• _Task brief_: Word for word, restate the lines from the start of the data below through the line containing "Yellow metal bracelet".

• _Dataset entries_:
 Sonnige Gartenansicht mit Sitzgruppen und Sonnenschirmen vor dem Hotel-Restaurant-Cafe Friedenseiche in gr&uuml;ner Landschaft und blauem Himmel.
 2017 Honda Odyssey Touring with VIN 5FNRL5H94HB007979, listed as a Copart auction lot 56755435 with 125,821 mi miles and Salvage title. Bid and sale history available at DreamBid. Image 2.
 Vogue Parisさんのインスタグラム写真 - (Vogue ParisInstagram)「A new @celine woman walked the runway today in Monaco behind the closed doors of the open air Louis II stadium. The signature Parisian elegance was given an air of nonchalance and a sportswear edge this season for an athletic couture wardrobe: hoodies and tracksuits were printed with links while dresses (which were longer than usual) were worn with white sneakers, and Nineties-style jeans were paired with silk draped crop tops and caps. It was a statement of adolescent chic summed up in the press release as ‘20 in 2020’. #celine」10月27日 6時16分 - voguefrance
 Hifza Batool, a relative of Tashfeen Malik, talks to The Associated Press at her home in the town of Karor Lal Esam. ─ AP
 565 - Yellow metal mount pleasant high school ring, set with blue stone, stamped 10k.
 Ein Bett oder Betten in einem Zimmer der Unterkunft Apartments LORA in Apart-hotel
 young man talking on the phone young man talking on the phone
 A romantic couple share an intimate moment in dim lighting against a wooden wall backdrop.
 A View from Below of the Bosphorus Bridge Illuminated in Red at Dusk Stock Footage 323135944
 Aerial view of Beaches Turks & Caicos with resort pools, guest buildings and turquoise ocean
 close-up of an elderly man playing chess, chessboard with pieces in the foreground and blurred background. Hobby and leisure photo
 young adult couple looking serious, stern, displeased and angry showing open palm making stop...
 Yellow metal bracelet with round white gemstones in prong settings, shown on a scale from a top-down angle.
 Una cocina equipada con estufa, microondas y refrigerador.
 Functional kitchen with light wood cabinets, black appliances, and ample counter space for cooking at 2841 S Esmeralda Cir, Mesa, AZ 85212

• _Solution for this exercise_:
 Sonnige Gartenansicht mit Sitzgruppen und Sonnenschirmen vor dem Hotel-Restaurant-Cafe Friedenseiche in gr&uuml;ner Landschaft und blauem Himmel.
 2017 Honda Odyssey Touring with VIN 5FNRL5H94HB007979, listed as a Copart auction lot 56755435 with 125,821 mi miles and Salvage title. Bid and sale history available at DreamBid. Image 2.
 Vogue Parisさんのインスタグラム写真 - (Vogue ParisInstagram)「A new @celine woman walked the runway today in Monaco behind the closed doors of the open air Louis II stadium. The signature Parisian elegance was given an air of nonchalance and a sportswear edge this season for an athletic couture wardrobe: hoodies and tracksuits were printed with links while dresses (which were longer than usual) were worn with white sneakers, and Nineties-style jeans were paired with silk draped crop tops and caps. It was a statement of adolescent chic summed up in the press release as ‘20 in 2020’. #celine」10月27日 6時16分 - voguefrance
 Hifza Batool, a relative of Tashfeen Malik, talks to The Associated Press at her home in the town of Karor Lal Esam. ─ AP
 565 - Yellow metal mount pleasant high school ring, set with blue stone, stamped 10k.
 Ein Bett oder Betten in einem Zimmer der Unterkunft Apartments LORA in Apart-hotel
 young man talking on the phone young man talking on the phone
 A romantic couple share an intimate moment in dim lighting against a wooden wall backdrop.
 A View from Below of the Bosphorus Bridge Illuminated in Red at Dusk Stock Footage 323135944
 Aerial view of Beaches Turks & Caicos with resort pools, guest buildings and turquoise ocean
 close-up of an elderly man playing chess, chessboard with pieces in the foreground and blurred background. Hobby and leisure photo
 young adult couple looking serious, stern, displeased and angry showing open palm making stop...
 Yellow metal bracelet with round white gemstones in prong settings, shown on a scale from a top-down angle.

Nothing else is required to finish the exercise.